Há uma pergunta que o Raul usa como filtro para tudo o que faz:
“Esta tarefa acrescenta valor ao cliente? Ele estaria disposto a pagar por ela?”
Parece simples. E é. O problema é que a maioria das empresas nunca a faz.
E quando não a fazem, automatizam o que não devia existir, medem o que não importa, e ficam cada vez mais ocupadas — e cada vez menos produtivas.
O Raul Ribeiro é consultor de Qualidade e Lean para empresários de serviços. Falou connosco da China, com uma VPN a fazer o que podia. Este é o 9.º e último episódio da primeira parte da 3.ª temporada. Voltamos em outubro.
Preso na roda dos ratos
O Raul trabalhava por turnos em energias renováveis. E em paralelo tinha uma agência de viagens. As horas de sono eram a variável de ajuste — a única coisa que sobrava para cortar quando o tempo não chegava.

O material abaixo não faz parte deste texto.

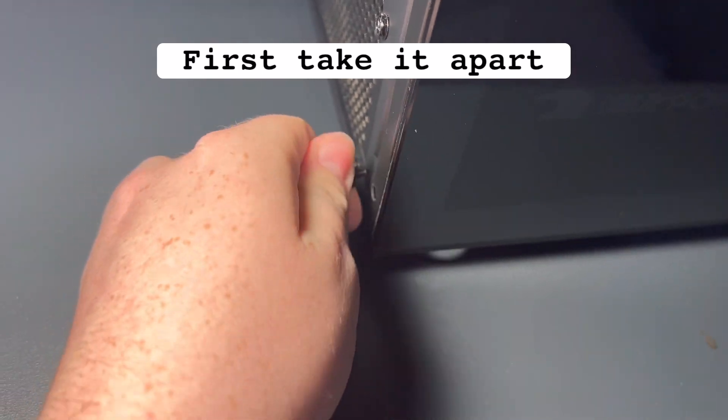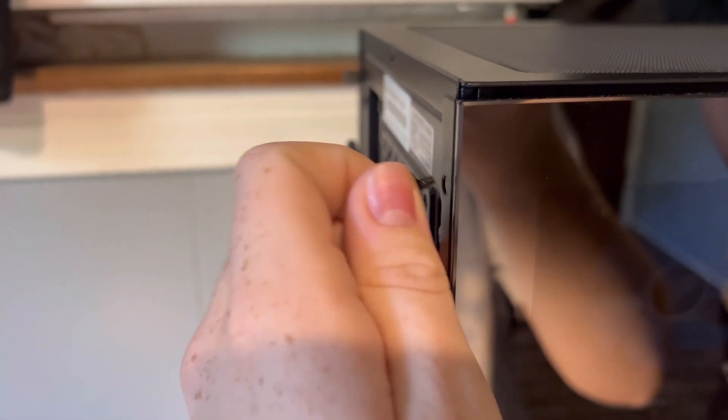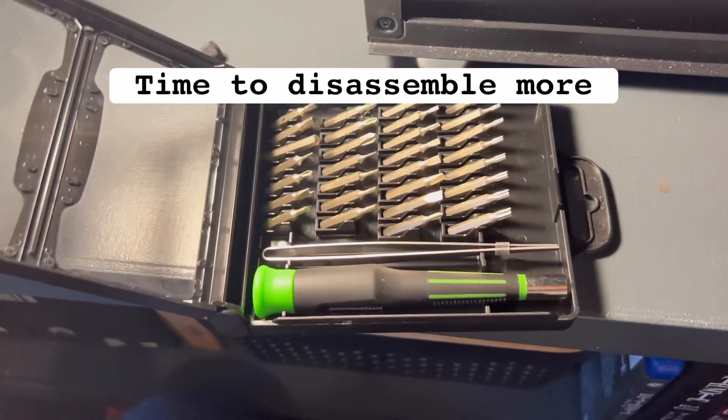How to fix a computer. First take it apart. Now clean the inside. Time to disassemble more.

“Cheguei a uma névoa mental em que não conseguia fazer nada. Por mais horas que aplicasse dos dois lados, nunca era fenomenal. Estava na roda dos ratos, apenas a tentar respirar.”
Foi nesse momento que encontrou o Lean. Não num livro de desenvolvimento pessoal — numa necessidade real de sobreviver ao dia a dia. E fez o que faz sempre com o que aprende: mergulhou, aplicou, e mediu o tempo entre a aprendizagem e a prática.
“A diferença entre aprender e aplicar — se eu conseguir diminuir esse espaço, estou a evoluir muito rápido.”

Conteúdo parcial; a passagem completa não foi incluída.